September 15, 2016

(++++) WHAT YOU SEE, WHAT YOU GET


I See a Kookaburra! Discovering Animal Habitats around the World. By Steve Jenkins & Robin Page. Illustrations by Steve Jenkins. Houghton Mifflin Harcourt. $7.99.

Ripley’s Believe It or Not! Wild & Wacky Edition 2017. Scholastic. $16.99.

     Originally published in 2005 and now available in paperback, Steve Jenkins’ and Robin Page’s I See a Kookaburra! is a kind of real-life Where’s Waldo? – but with a distinct educational purpose and some fascinating information packed inside. The setup is quite simple: the book shows six different parts of the world, each including eight animals plus one ant (since ants live just about everywhere). It is the execution of the design that makes the book special: only parts of the animals are visible, which means that just as it is difficult to see animals in their natural habitat, so it is difficult to pick all of them out and identify them here. Finding the ants is by no means easy, either. Each two-page spread of a habitat is followed by two pages showing the animals against a plain white background, in the same positions and poses used when showing them in their habitat – so kids can go back and find any they missed, and also get an even better sense of where each animal lives in the wild. Three different tails stick out of the surroundings in a desert in the American Southwest, for example. It turns out that one belongs to a kangaroo rat, one to a Gila monster and one to a rattlesnake. And what looks like a fourth tail is actually a cactus flower. Elsewhere, an African savanna contains a rhinoceros that is fairly easy to see, a dung beetle that is not, and a giraffe antelope that is hard to recognize even when it is spotted. In an Australian forest are a cassowary (only one eye visible), a barely noticeable koala asleep in a tree, and an almost perfectly camouflaged dingo. And so on for more habitats and more animals throughout the book. The final five pages show small pictures of each of the animals and give considerably more information about them in compressed (one-paragraph) form. Jenkins and Page do an excellent job of making that information interesting: they explain why the frilled lizard is also called the bicycle lizard, discuss the unique social environment of the naked mole rat (the only mammal that lives in ant-like colonies), explain why dung beetles are so important, and talk about a six-inch-long insect (the rhinoceros beetle). There is a lot more than a kookaburra to see in I See a Kookaburra! And everything in the book is very much worth seeing.

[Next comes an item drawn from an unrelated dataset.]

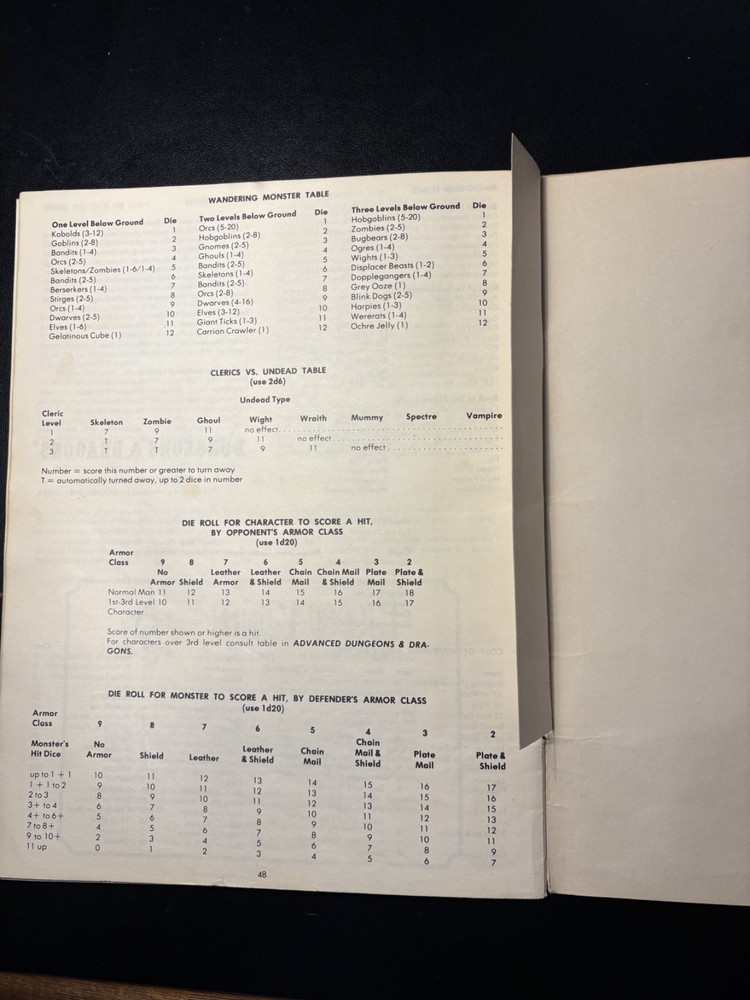 Dungeons & Dragons Basic Set RuleBook 3rd Edition 1979 TSR Games 2001 Gary Gygax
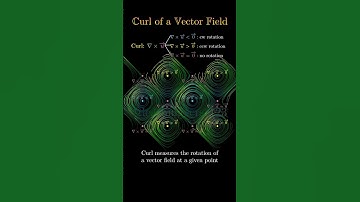 Curl of a vector field #math #calculus #manim #curl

     The pleasures of seeing the people and things in Ripley’s Believe It or Not! Wild & Wacky Edition 2017 are decidedly more mixed. The successors to Robert Ripley can no longer roam the world looking for naturally occurring human and animal oddities or “freaks,” as Ripley himself did – that would be politically incorrect. So more and more of the Ripley legacy depends on showing readers things that people who want to draw attention to themselves have done for the explicit purpose of getting noticed. The result is a sort of still-photo reality television with, unfortunately, just as great a propensity for catering to celebrity worship (the new book shows a sculpture of Angelina Jolie made from crayons and one of Niki Minaj made from toast, for instance). This 2017 compendium of attention-getters includes a nine-year-old girl who invented a healthful lollipop; a watermelon-flavored bagel sold in Japan; a man who ran across the United States to raise money for charity; a race in which competitors ride ostriches; a playground made from snow and ice in Sweden; a sinkhole in Guatemala; a man in Japan who takes his 150-pound tortoise on walks into town; a giraffe with a crooked neck that was broken in a fight; a vending machine that dispenses live crabs in a part of China where they are considered a delicacy; and more. A few human beings who would previously have been put on display still appear in the book, but only in the context of being heroic and worthy of admiration: a wheelchair-bound man who can do cliff diving; a professional bass fisherman born without legs or a left arm and only part of a right arm; a woman who in 2008 became the first armless person to become a licensed pilot; and so on. Certainly Ripley’s Believe It or Not! Wild & Wacky Edition 2017 is more humane and uplifting than long-ago entries featuring exhibits from the old-style Ripley’s “odditorium” (that was the name of the museum Ripley opened in 1933). But the new Ripley’s is simply not as interesting or involving as the old Ripley’s used to be, partly because so many odd things are so visible so often on the Internet – and partly because Robert Ripley’s successors bend over so far backwards to avoid potentially upsetting or offending anyone with their displays. There is enough of interest in this book to give it a (+++) rating, but it is neither as wild nor as wacky as its title would have readers believe it to be.